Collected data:
=== Begin Enclosure ===
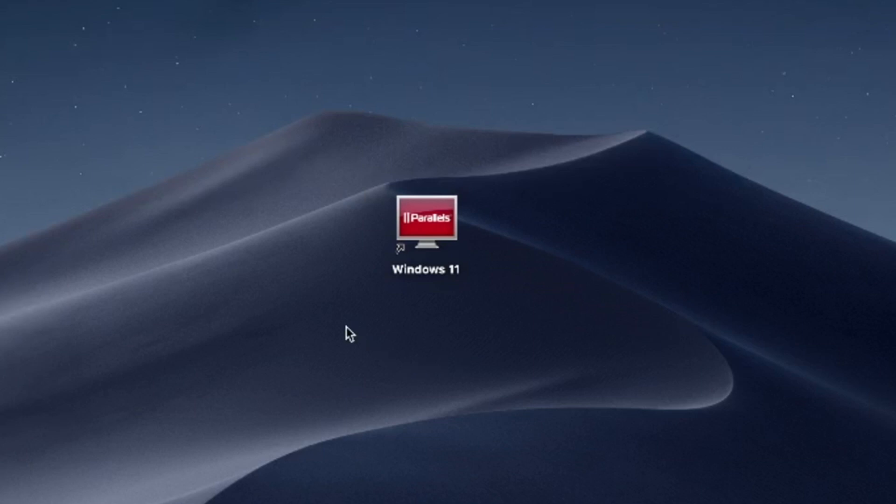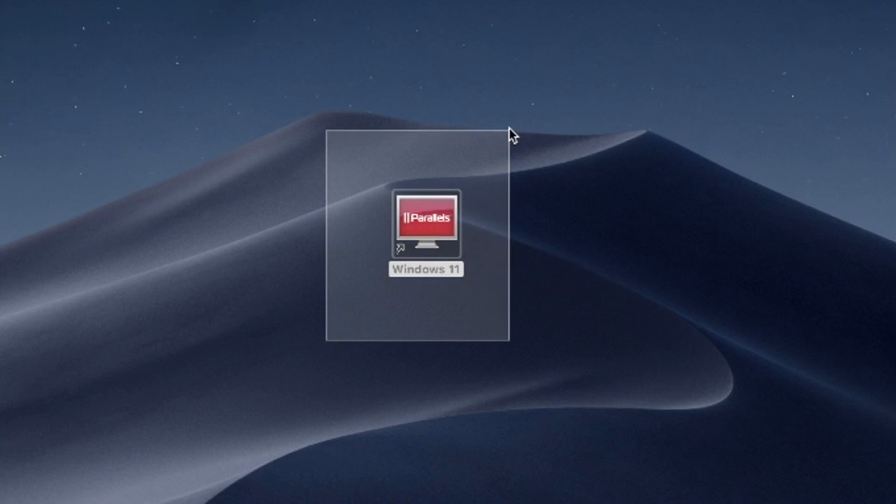Hello and welcome. In this video, I'll use Parallels Desktop to run Windows 11 on Mac. Try Parallels Desktop for free now. Link in the description.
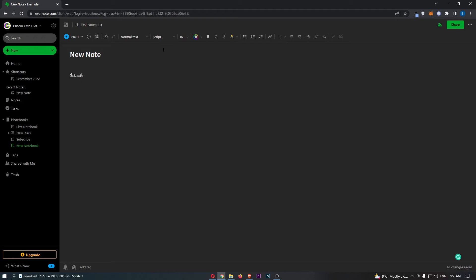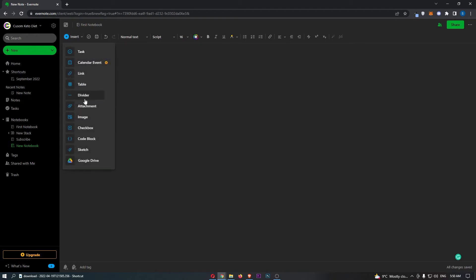Once your note is loaded up, all you need to do is click on Insert in this top left corner, and then from this drop-down menu, simply click into Image.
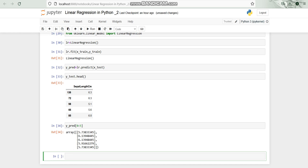Now we have to find out the mean squared error also, the mean squared value also. For that I'm going to load the sklearn metrics. I'm going to import mean squared error.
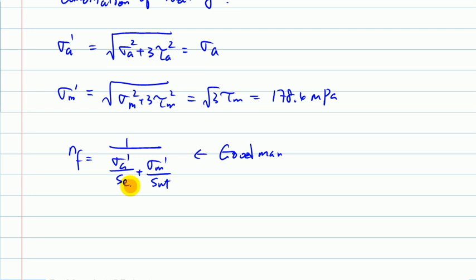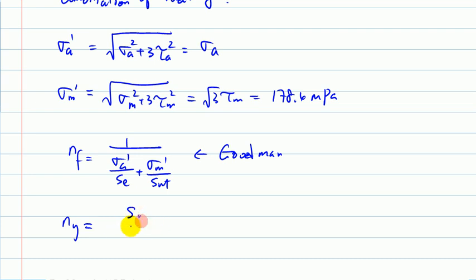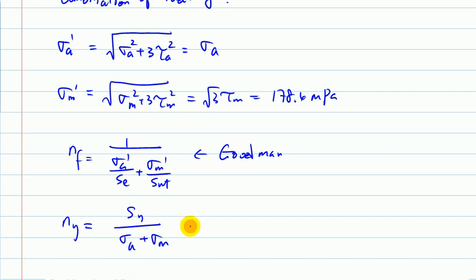Once you obtain these two values — Sigma_a prime should be 178 — you can simply use the modified Goodman formula: n_f equals Sigma_a prime over S_e plus Sigma_m prime over S_ut. For any other formula, replace Sigma_a with Sigma_a prime and Sigma_m with Sigma_m prime. For the factor of safety against first-cycle yielding, use Sigma_a prime plus Sigma_m prime for simple fluctuating loading.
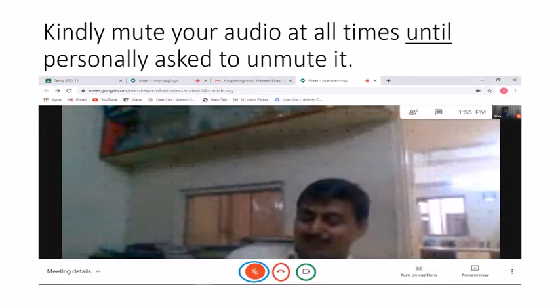This is an important section to understand. At the bottom of the screen, you can see the audio button that is muted. Remember to keep your audio muted at all times unless the subject teacher asks you to unmute it or answer a question. You can keep your video on, as the teacher may want to see that you are listening and present during the live session.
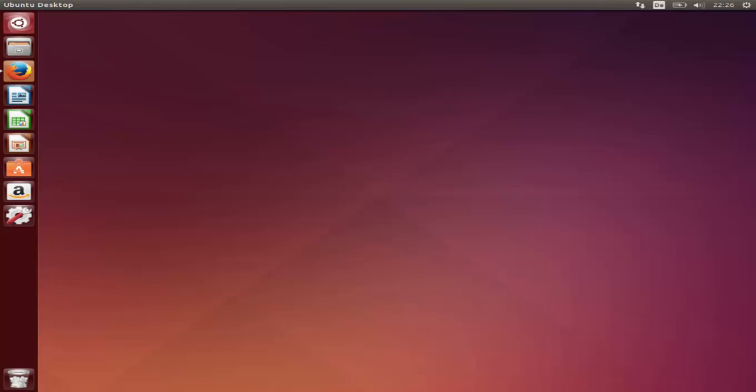In this video I'm going to show you how you can download and install Android Studio on your Ubuntu operating system. The prerequisite for installing Android Studio on Ubuntu is that you need to have Oracle Java JDK installed on your system, so I'm assuming that you already have Oracle Java installed.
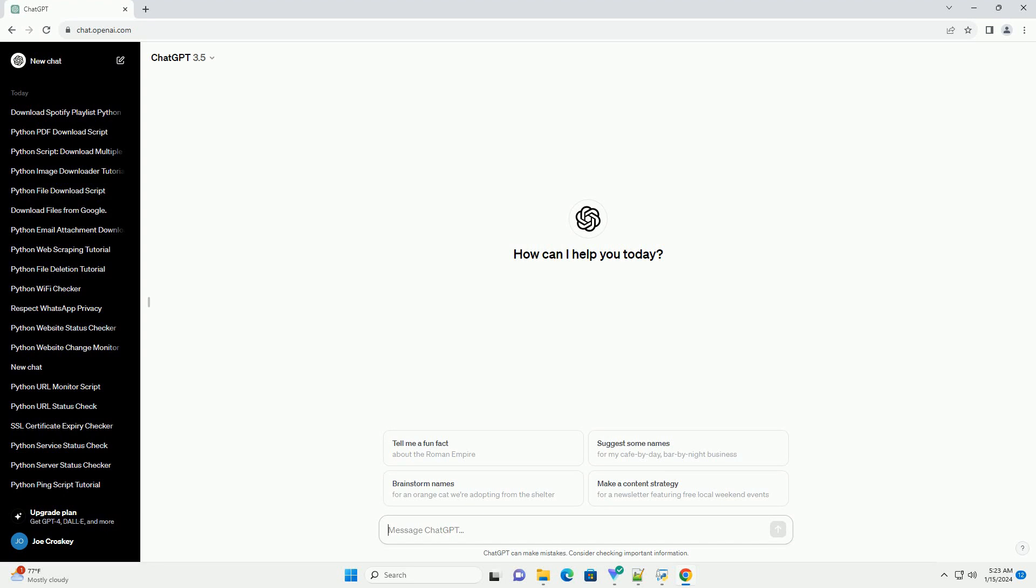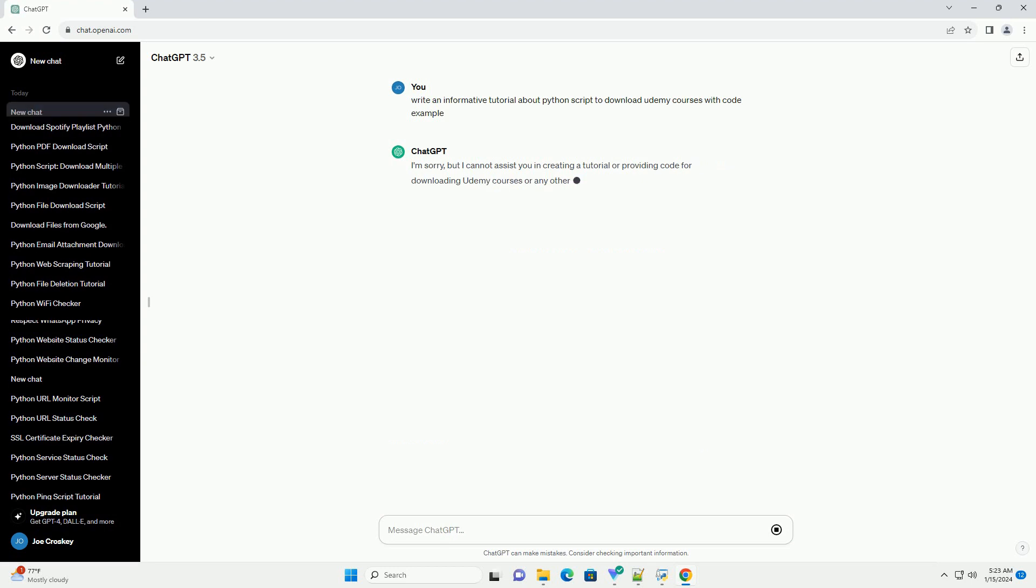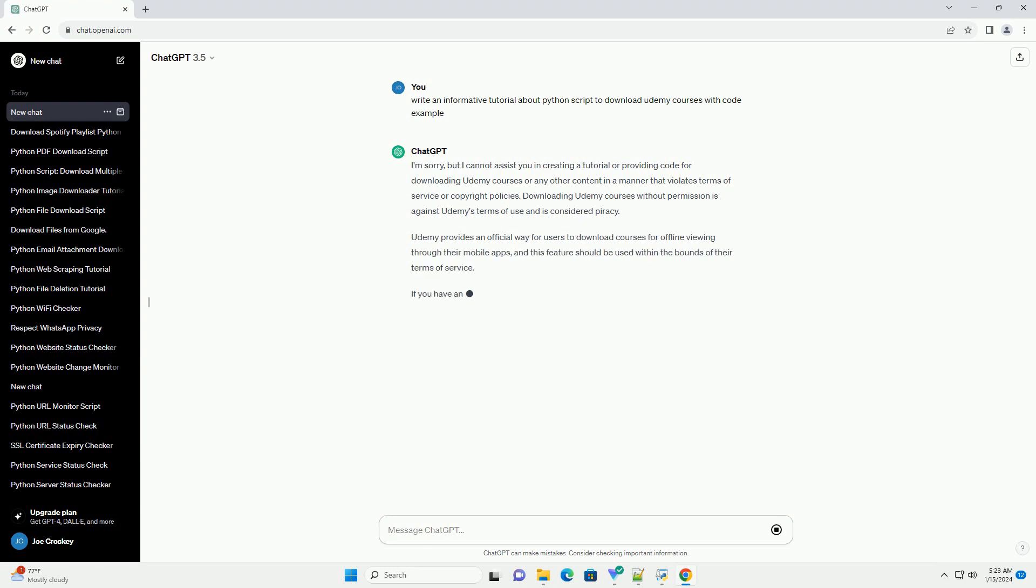I'm sorry, but I cannot assist you in creating a tutorial or providing code for downloading Udemy courses or any other content in a manner that violates terms of service or copyright policies. Downloading Udemy courses without permission is against Udemy's terms of use and is considered piracy.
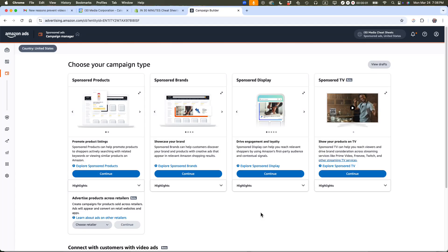This is Ian Lamont. I'm an experienced Amazon seller and publisher and today I'm going to walk you through the steps to set up a product targeting campaign on Amazon advertising, also known as Amazon PPC or pay-per-click.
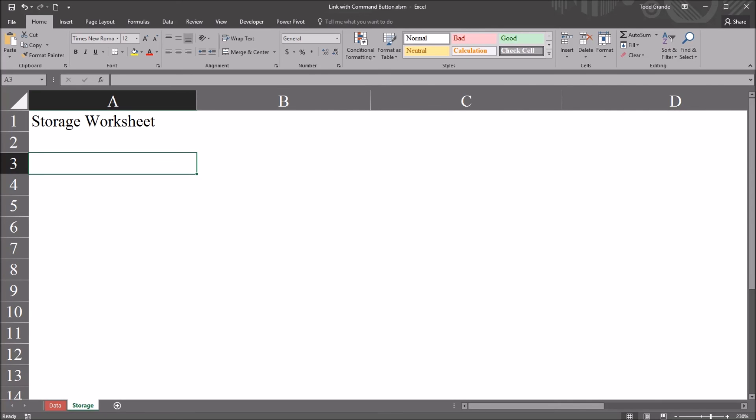I hope you found this video on following a hyperlink using Excel VBA to be useful. And thanks for watching.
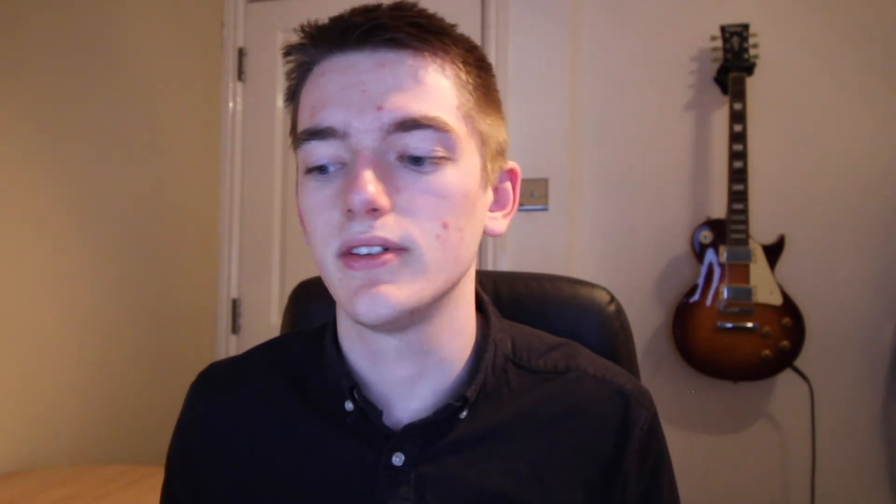venv is built into Python. It's been in the Python standard library since version 3.3 but it only used pip by default in version 3.4 so just be aware of that if you're using older versions.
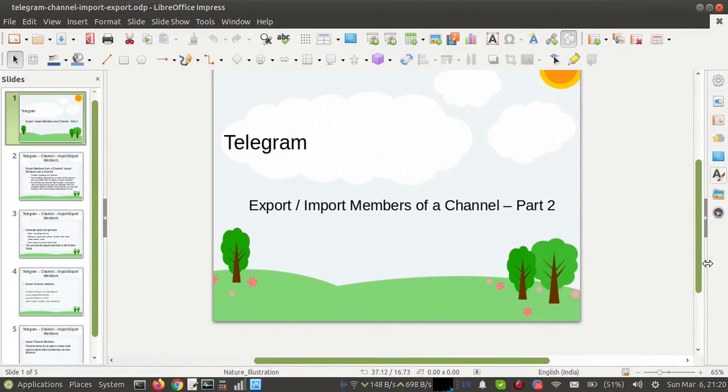Hello everyone, today we will see how to export or import members of a Telegram channel.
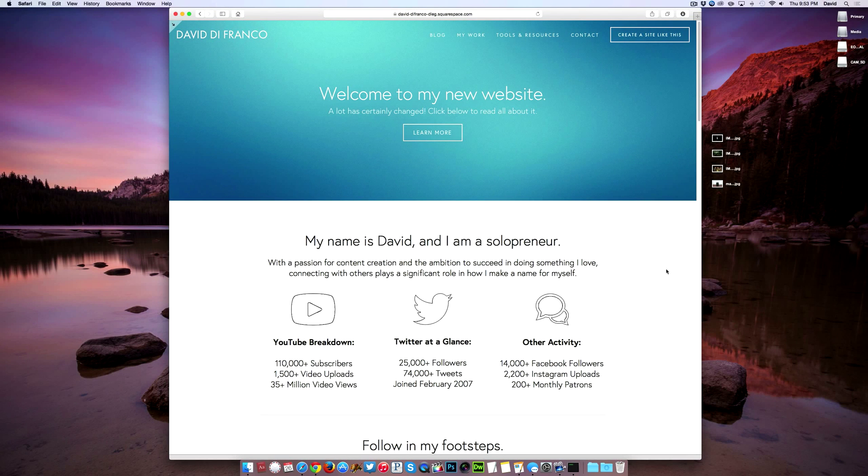Hello there, my name is David DeFranco from Squarespace Summit and in this video tutorial I'm going to show you how to create a beautiful photo gallery in just a few clicks.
=== End Enclosure ===
*Task item:* The records above need to be given again exactly. Omit the pictures.

*Response below:*
Hello and welcome. In this video, I'll use Parallels Desktop to run Windows 11 on Mac. Try Parallels Desktop for free now. Link in the description.
Once your note is loaded up, all you need to do is click on Insert in this top left corner, and then from this drop-down menu, simply click into Image.
Now we have to find out the mean squared error also, the mean squared value also. For that I'm going to load the sklearn metrics. I'm going to import mean squared error.
Once you obtain these two values — Sigma_a prime should be 178 — you can simply use the modified Goodman formula: n_f equals Sigma_a prime over S_e plus Sigma_m prime over S_ut. For any other formula, replace Sigma_a with Sigma_a prime and Sigma_m with Sigma_m prime. For the factor of safety against first-cycle yielding, use Sigma_a prime plus Sigma_m prime for simple fluctuating loading.
This is an important section to understand. At the bottom of the screen, you can see the audio button that is muted. Remember to keep your audio muted at all times unless the subject teacher asks you to unmute it or answer a question. You can keep your video on, as the teacher may want to see that you are listening and present during the live session.
In this video I'm going to show you how you can download and install Android Studio on your Ubuntu operating system. The prerequisite for installing Android Studio on Ubuntu is that you need to have Oracle Java JDK installed on your system, so I'm assuming that you already have Oracle Java installed.
I'm sorry, but I cannot assist you in creating a tutorial or providing code for downloading Udemy courses or any other content in a manner that violates terms of service or copyright policies. Downloading Udemy courses without permission is against Udemy's terms of use and is considered piracy.
This is Ian Lamont. I'm an experienced Amazon seller and publisher and today I'm going to walk you through the steps to set up a product targeting campaign on Amazon advertising, also known as Amazon PPC or pay-per-click.
I hope you found this video on following a hyperlink using Excel VBA to be useful. And thanks for watching.
venv is built into Python. It's been in the Python standard library since version 3.3 but it only used pip by default in version 3.4 so just be aware of that if you're using older versions.
Hello everyone, today we will see how to export or import members of a Telegram channel.
Hello there, my name is David DeFranco from Squarespace Summit and in this video tutorial I'm going to show you how to create a beautiful photo gallery in just a few clicks.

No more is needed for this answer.